You have two scandal-tinted stories, one about Brett McDonnell (http://www.usatoday.com/story/news/politics/elections/2015/09/08/gop-consultant-guilty-ethics-broun-mcmorris-rodgers-odonnell/71883628/) and one about Hillary Clinton’s newest apology for lying about her email server (http://www.usatoday.com/story/news/nation-now/2015/09/08/hillary-clinton-m-sorry-personal-email-state-department/71913792/).
Your task:
How do you play them on a page?
Which piece will draw more attention when you strip it across the top of A-5?
Which is of secondary interest that you will play into a much lesser one-column opening down near mid-page?
Cinch call for anyone who has been to school – except at hard left newspapers such as Today where the everyday game is Hammer Republicans Regardless.
So much untruth, hyperbole and outright lies pours out of left-wing newspapers daily, it is a miracle a Republican ever is elected in this republic.
The Brett McDonnell scandal was played across the top in USA Today, and Hillary’s latest burbling was buried.
If you are not his wife, you may ask, who is Brett McDonnell?
After digesting the 11-paragraph story this morning over breakfast, I am unable to summarize his monstrous, execution-worthy crime.
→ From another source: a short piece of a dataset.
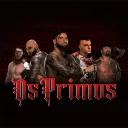 OS PRIMOS
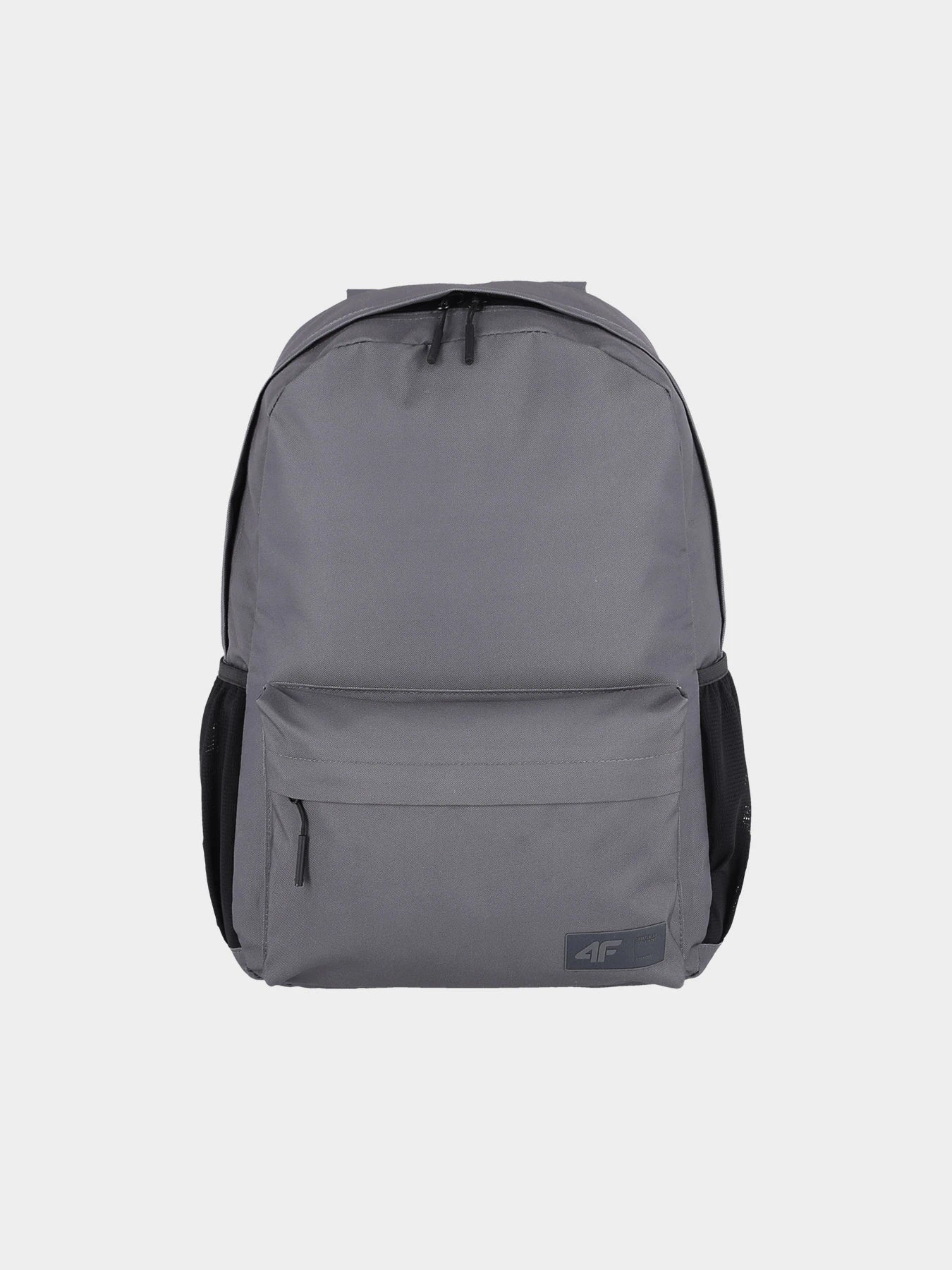 Рюкзак 4F U273 4FWSS24ABACU273 Anthracite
What did he do? Hillary I can condense into a single opprobrium.
The McDonnell headline, “GOP consultant admits to lying in ethics probe,” lures you inside, but reporter Paul Singer bungled his chore, to convey what Mr. McDonnell did wrong.
Not surprisingly, this is the first time a politician has been charged with such a heinous mistake. You could have wagered six months’ rent that the first sucker would be a Republican.
Mr. McDonnell is characterized variously as a “debate coach” and a “communications consultant” for (hold your breath) “top” Republicans. Mitt Romney is the only “top” GOP’er ID’d. The other two named are more obscure than your alcoholic brother-in-law.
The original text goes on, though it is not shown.